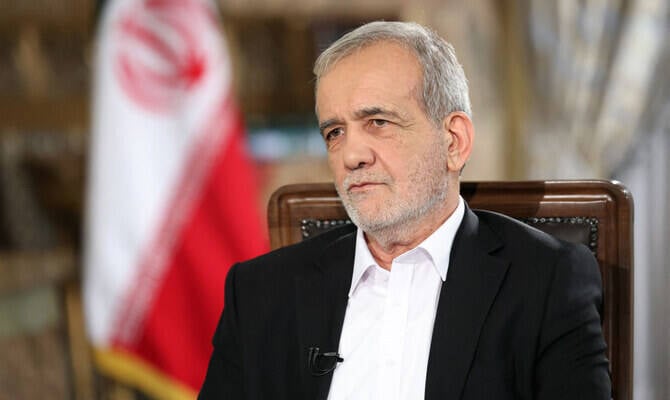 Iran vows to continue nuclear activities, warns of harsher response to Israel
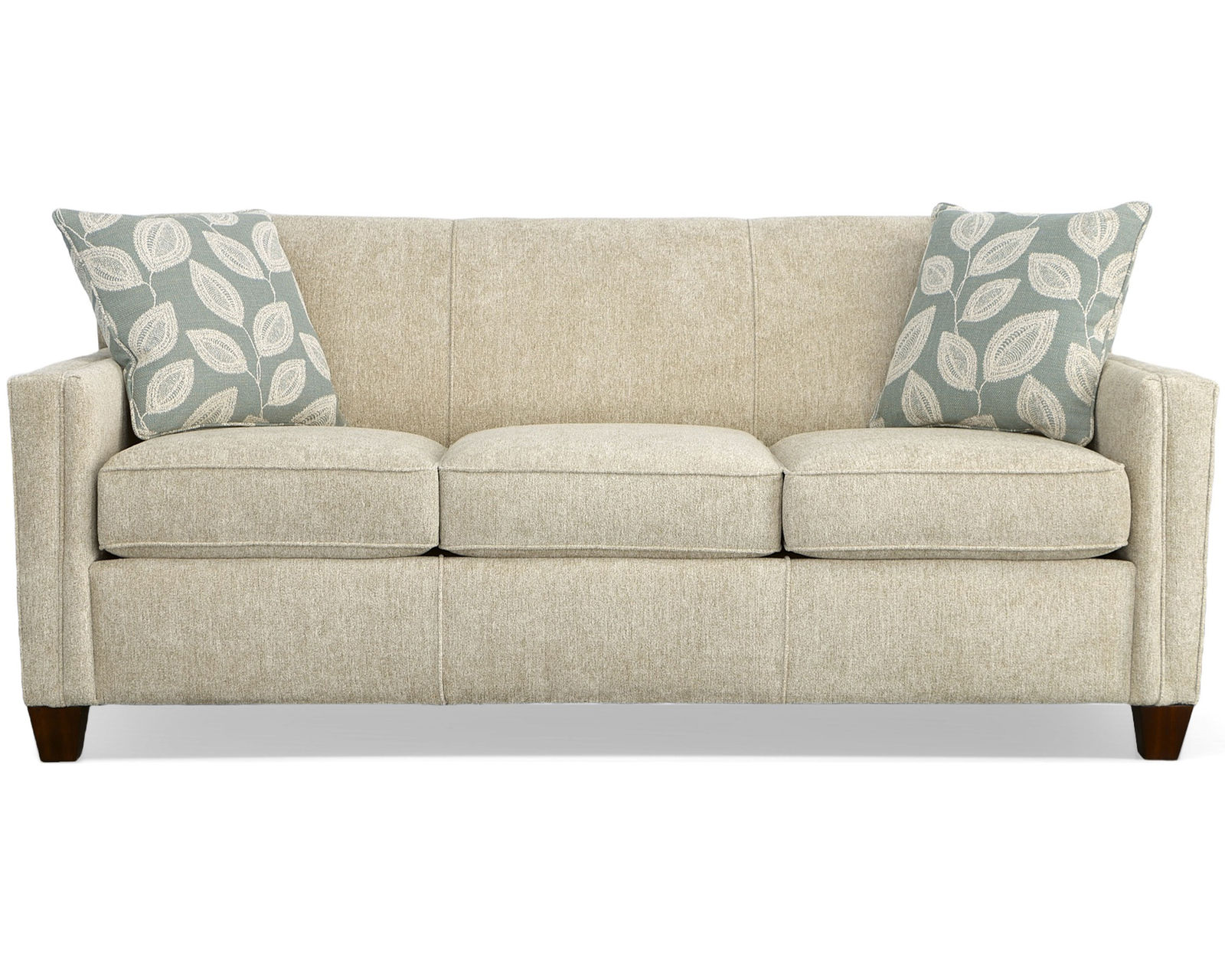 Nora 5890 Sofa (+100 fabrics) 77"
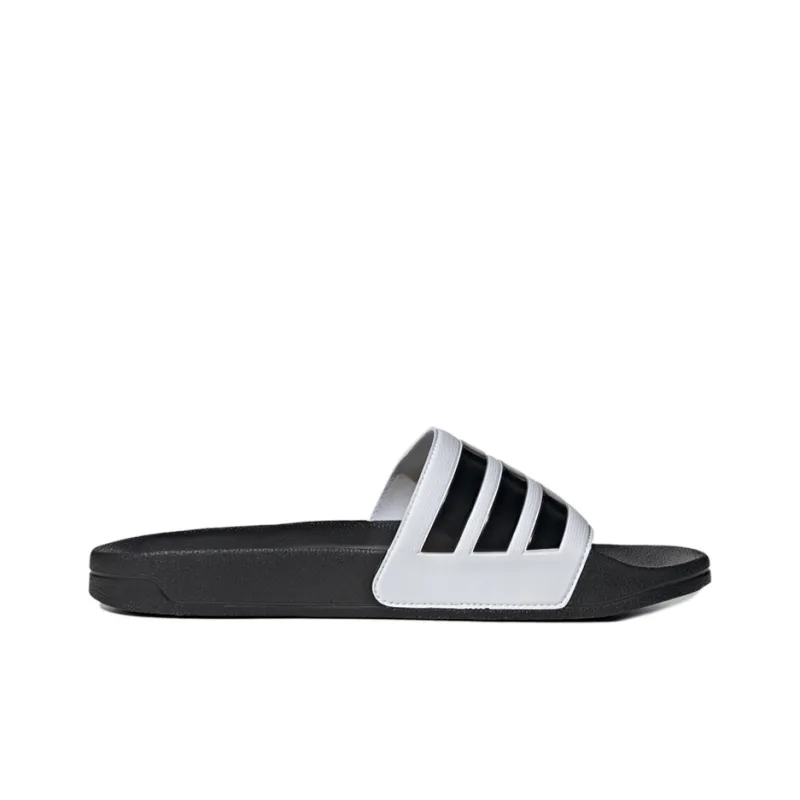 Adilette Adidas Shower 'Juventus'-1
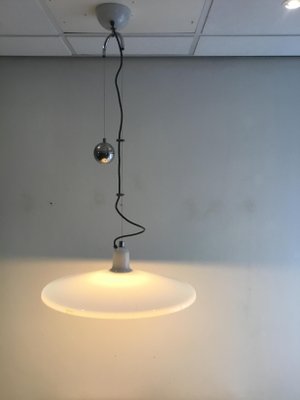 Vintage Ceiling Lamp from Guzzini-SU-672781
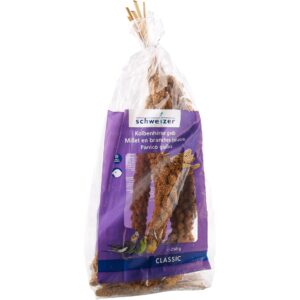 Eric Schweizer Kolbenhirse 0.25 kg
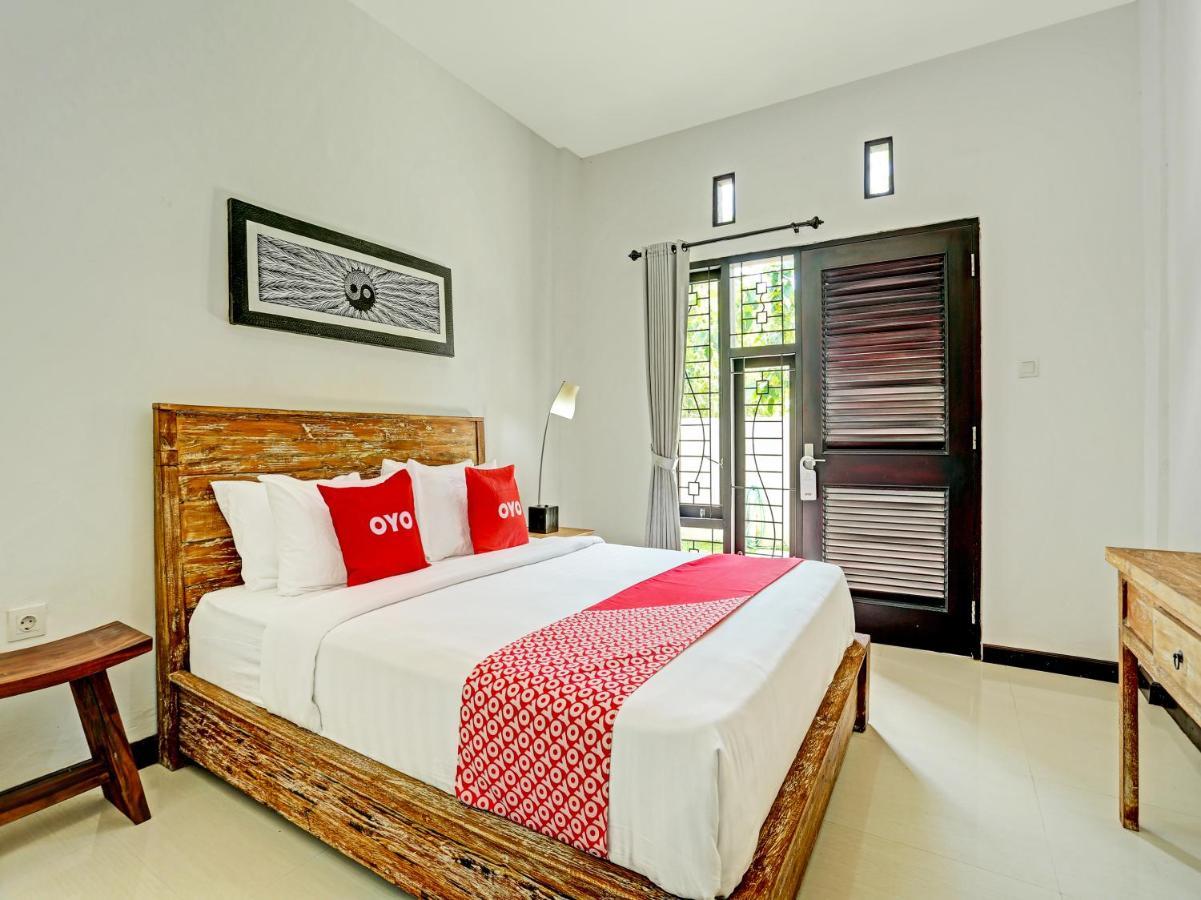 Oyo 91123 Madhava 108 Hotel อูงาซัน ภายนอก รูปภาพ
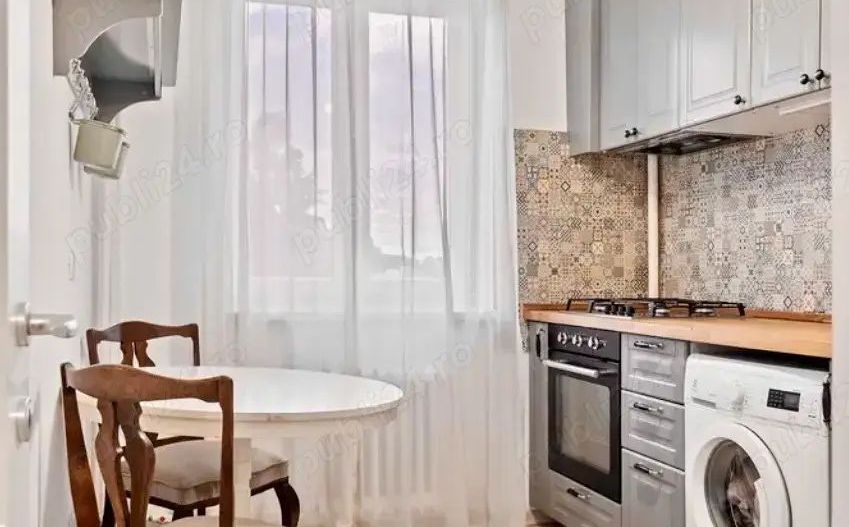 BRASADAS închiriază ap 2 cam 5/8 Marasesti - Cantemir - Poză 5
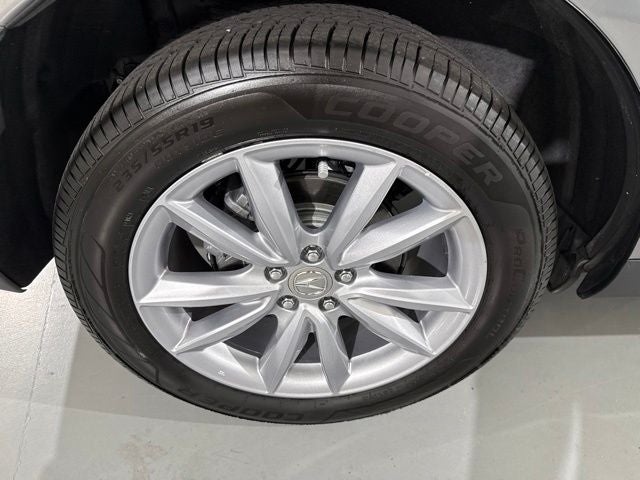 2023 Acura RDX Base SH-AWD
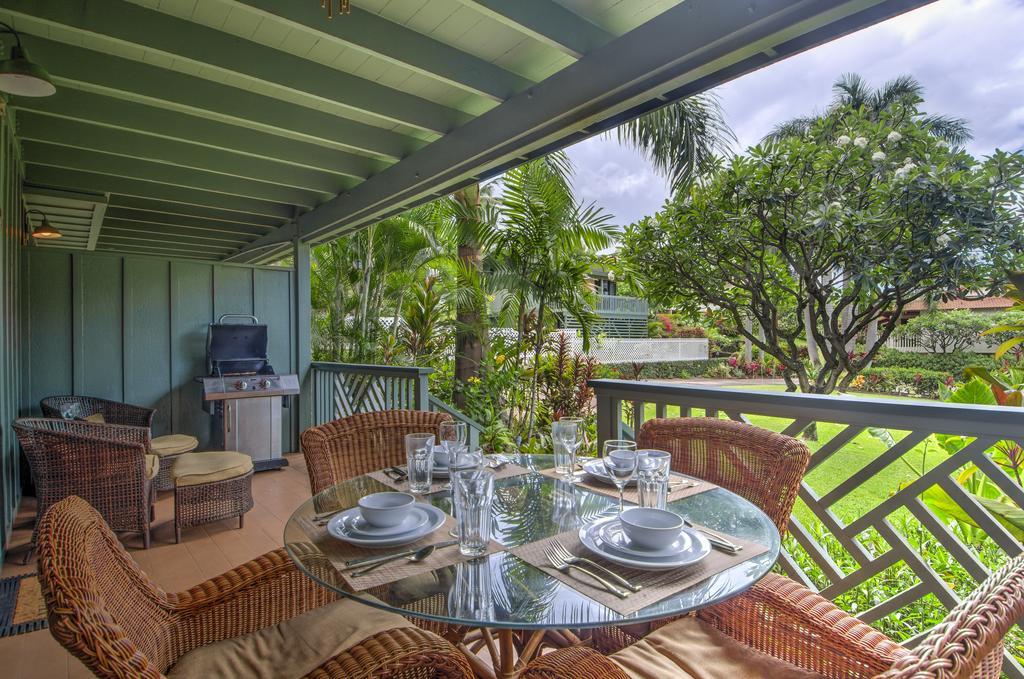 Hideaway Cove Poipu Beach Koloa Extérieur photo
----------
» **EXERCISE OBJECTIVE**: Reproduce all of the entries exactly as they appear, though any picture they include must be omitted.

» **OUTPUT FOR THIS TASK**:
 Iran vows to continue nuclear activities, warns of harsher response to Israel
 Nora 5890 Sofa (+100 fabrics) 77"
 Adilette Adidas Shower 'Juventus'-1
 Vintage Ceiling Lamp from Guzzini-SU-672781
 Eric Schweizer Kolbenhirse 0.25 kg
 Oyo 91123 Madhava 108 Hotel อูงาซัน ภายนอก รูปภาพ
 BRASADAS închiriază ap 2 cam 5/8 Marasesti - Cantemir - Poză 5
 2023 Acura RDX Base SH-AWD
 Hideaway Cove Poipu Beach Koloa Extérieur photo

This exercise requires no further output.